There was ecstasy in it – so sweet and yet so painful, it was heart-rending.
He wanted to move, he was in a hurry; he had to reach India soon, this was
the right time to conquer the enemy.
But there was no way. There was such strong, strange, irresistible magnetism
in the sound that in spite of himself he had to go into the garden. It was
Lai-Khur, a great Sufi mystic, but known to the masses only as a drunkard
and a madman. Lai- Khur is one of the greatest names in the whole history of
the world. Not much is known about him;
such people don’t leave many footprints behind them. Except for this story,
nothing has survived. But Lai-Khur has lived in the memories of the Sufis,
down the ages.
He continued haunting the world of the sufis, because never again was such a
man seen. He was so drunk that people were not wrong in calling him a
drunkard. He was drunk twenty-four hours, drunk with the divine. He walked
like a drunkard, he lived like a drunkard, utterly oblivious of the world.
And his utterances were just mad. This is the highest peak of ecstasy, when
expressions of the mystic can only be understood by other mystics. For the
ordinary masses they look irrelevant, they look like gibberish.

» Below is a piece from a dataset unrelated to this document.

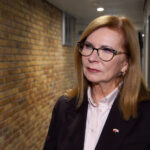 Liczba więźniów politycznych w Białorusi sięgnęła 1,2 tys. Europosłowie liczą, że odwilż w relacjach z USA doprowadzi do uwolnienia Andrzeja Poczobuta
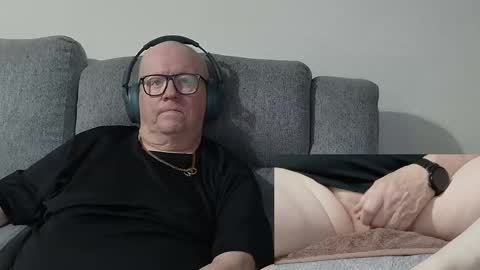 Charlie. online show from November 6, 4:19 pm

You will be surprised to know that the English word ’gibberish’ is based on
a sufi mystic’s name, Jabbar. It is because of Jabbar’s utterances that the
English word ’gibberish’ has arisen. But even Jabbar was nothing compared to
Lai-Khur. To the ignorant, his utterances were outrageous, sacrilegious,
against tradition and against all formalities, mannerisms and etiquette –
against all that is known and understood as religion. But to those who knew,
they were nothing but pure gold.
He was available only to the chosen few, because only very few people can
rise to such a height where he lived. He lived on Everest – the Everest of
consciousness, beyond the clouds. Only those who were fortunate enough and
courageous enough to climb the mountain were able to understand what he was
saying. To the common masses he was a madman. To the knowers he was just a
vehicle of God, and all that was coming through him was pure truth: truth,
and only truth. He had made himself deliberately notorious.
That was his way of becoming invisible to the masses. Sufis do that; they
have a very strange method of becoming invisible. They remain visible – they
remain in the world, they don’t escape from it – but deliberately they
create a certain milieu around them, so that people stop coming to them.
Crowds, curious people, stupid people, simply stop coming to them; the Sufis
don’t exist for them, they forget all about them. This has been an ancient
method of the sufis so that they can work with their disciples.
You can see it happening here. You are my Sufis. I am almost invisible to
the people who live in Poona. I am here and not here: I am not here for
them, I am here only for you. I am invisible even to the neighbors here.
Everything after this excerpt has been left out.